__Exercise requirements__.
Lines in the records below that contain the word "Fizik" must each be copied.

__Dataset excerpts__.
-- Opening Marker --
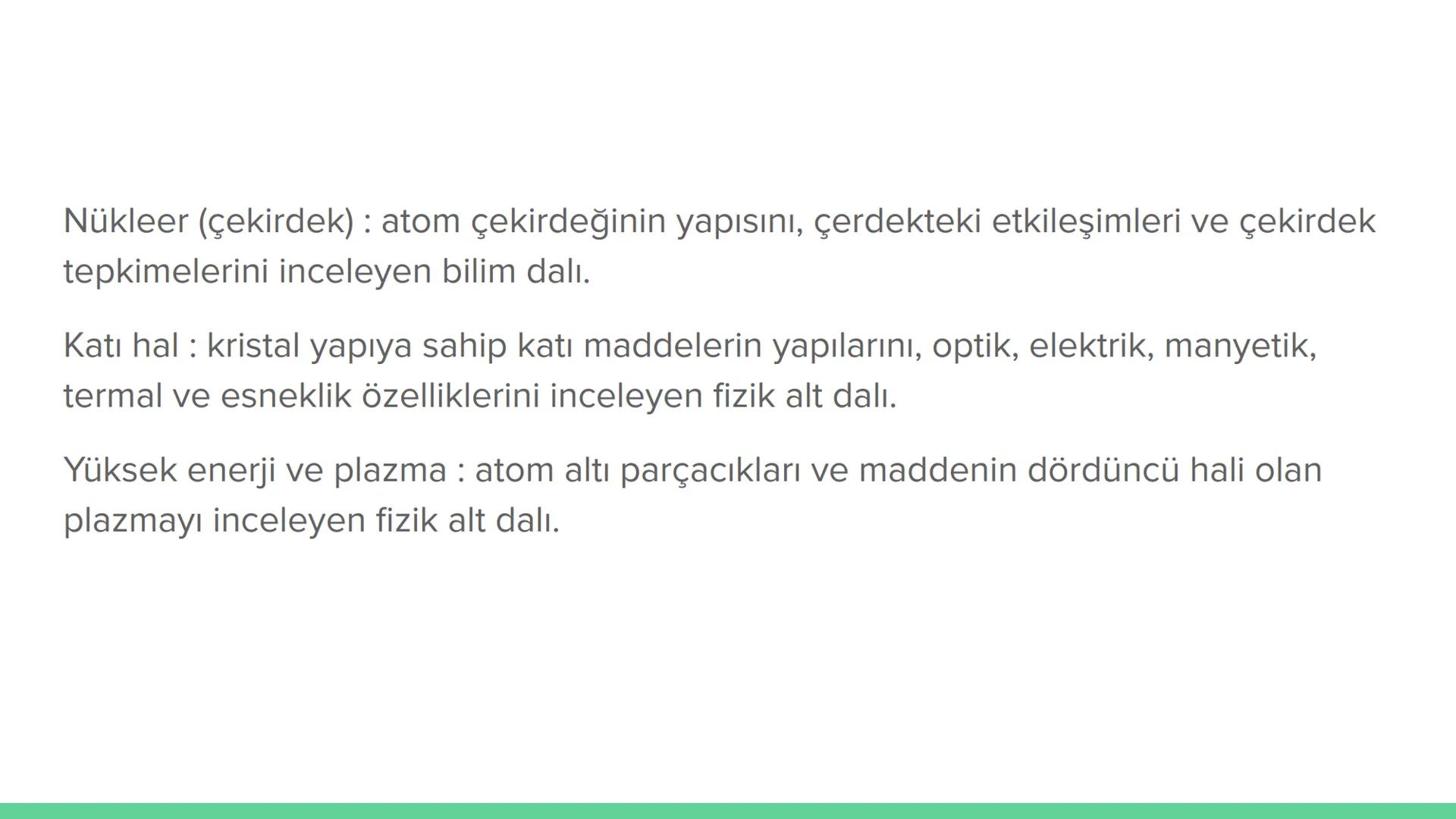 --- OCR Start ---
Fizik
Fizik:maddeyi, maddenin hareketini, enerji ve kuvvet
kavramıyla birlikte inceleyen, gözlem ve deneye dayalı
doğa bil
-- Closing Marker --
-- Opening Marker --
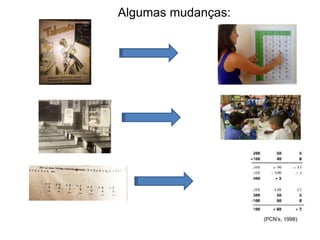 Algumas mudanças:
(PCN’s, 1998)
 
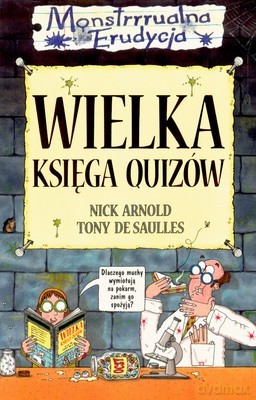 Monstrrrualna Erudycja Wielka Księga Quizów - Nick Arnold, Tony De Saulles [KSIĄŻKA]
-- Closing Marker --
-- Opening Marker --
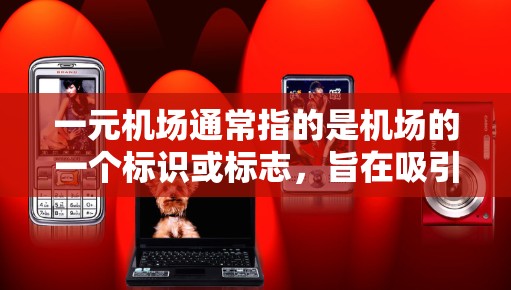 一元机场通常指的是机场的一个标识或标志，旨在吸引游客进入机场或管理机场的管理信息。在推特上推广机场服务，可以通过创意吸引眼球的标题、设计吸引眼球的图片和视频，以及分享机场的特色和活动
-- Closing Marker --
__Exercise answer__.
Fizik
Fizik:maddeyi, maddenin hareketini, enerji ve kuvvet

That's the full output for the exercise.